Now, of course, you don’t need to be gifted with some exceptional degree of insight to spot that the relationship between God and human beings doesn’t always run smoothly in the Bible. In its pages God is sometimes portrayed as being displeased and angry.
There are times when a definitive rupture seems imminent but the rupture never becomes total or permanent. God always comes back for more, however badly we have let ourselves down. That’s important to remember: God always comes back for more.
For all those periods of discord, the Bible always remains a love-song. There is never a moment when God ceases to love us, whatever trials and tribulations are happening between us human beings, and between us and God.
But, besides being a love-song, the Bible is also an invitation. Isaiah uses the image of an invitation to a banquet. As our first reading says:
‘Ho, everyone who thirsts, come to the waters; and you that have no money, come, buy and eat! Come, buy wine and milk without money and without price.

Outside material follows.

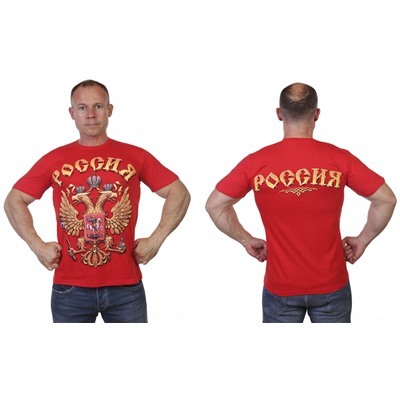 Красная футболка с гербом РФ, Россия – гостеприимная страна! №87*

Listen carefully to me, and eat what is good, and delight yourselves in rich food’.
God wants our well-being. The image of the banquet is one that recurs repeatedly in the Bible. Jesus uses it repeatedly as a pointer to what happens in the kingdom of God. But we shouldn’t take it too literally. The banquet is an image for something else, an image for a relationship.
Amazingly enough, we small and puny creatures are all invited to have a loving and intimate relationship with the infinite and eternal God. That is the goal and fulfilment of our existence. God isn’t some oriental despot before whom we are called to prostrate ourselves lest he mete out some fearful punishment. He desires to have with us a relationship of mutual love.
As I see it, one of the great truths of the Christian faith is that God is conceived of as being personal rather than impersonal. God is a person.
It doesn’t mean that God is a person in exactly the same sense that you and I are persons. Obviously not. It seems to me that a person is an entity that is capable of love. That for me is the very definition of what constitutes a person. The impersonal just isn’t capable of love. If God therefore is the very essence of love, as the Bible teaches, he must be a person.
So where does this leave the Bible? Ultimately, and I hope this doesn’t shock you, the Bible ceases to be of paramount importance. The relationship we form with God takes over. The relationship becomes paramount.
Years ago I used to go to various shows put on by the BBC in front of a live audience. They were mainly comedies. If you know the drill, it’s quite easy to get tickets. These shows were invariably preceded by someone trying to warm up the audience, trying to get them into ‘laughter mode’. It was preparing them to play their part in what was to come.
Now, I’m not sure it’s a great analogy, but maybe the Bible is something like that. It’s trying to prepare our hearts for the relationship to come that we are all capable of having with the God of love.
To extract an analogy from the Bible itself, it’s a bit like John the Baptist and Jesus. John prepares the way for Jesus. But when Jesus arrives on the scene, John fades into the background. As John himself says: ‘he [Jesus] must increase, but I must decrease.’
A relationship with him is the potential experience that God holds out to us. The point is this: it’s our relationship with God that is the really important thing. The Bible is an important means to help us on the journey, but it’s not the destination.
Now that, you might say, is what would happen in a kind of tidy, ideal world. As the building goes up, the scaffolding can finally be dispensed with. The problem is that putting up the building can sometimes be a slow and, frankly, incompetent business on our part.
So I’m not suggesting that we can just throw the Bible out. Far from it.
I have the distinct impression that, from a spiritual point of view, we human beings often think that we can run before we can walk. We tend to imagine that we are further along the spiritual road than we actually are. We can get to thinking that we have transcended the need for the support and guidance the Bible can give us.
And even if we actually are pretty well advanced on the spiritual path, I reckon we need the check and discipline of the Bible to keep us from straying.
There are, I assume, some deeply spiritual Christians who can do without the Bible, but I would estimate that they are almost literally one in a million.
For the rest of us, let’s not throw out the baby with the bathwater. As the 2nd letter to Timothy says: ‘all scripture is inspired by God and is useful for teaching, for reproof, for correction, and for training in righteousness, so that everyone who belongs to God may be proficient, equipped for every good work’.
Very few of us outgrow the Bible. And all of us, the spiritually advanced and the not so spiritually advanced, should always remember that its words are a love-song, inspired by love in order to inspire love in us.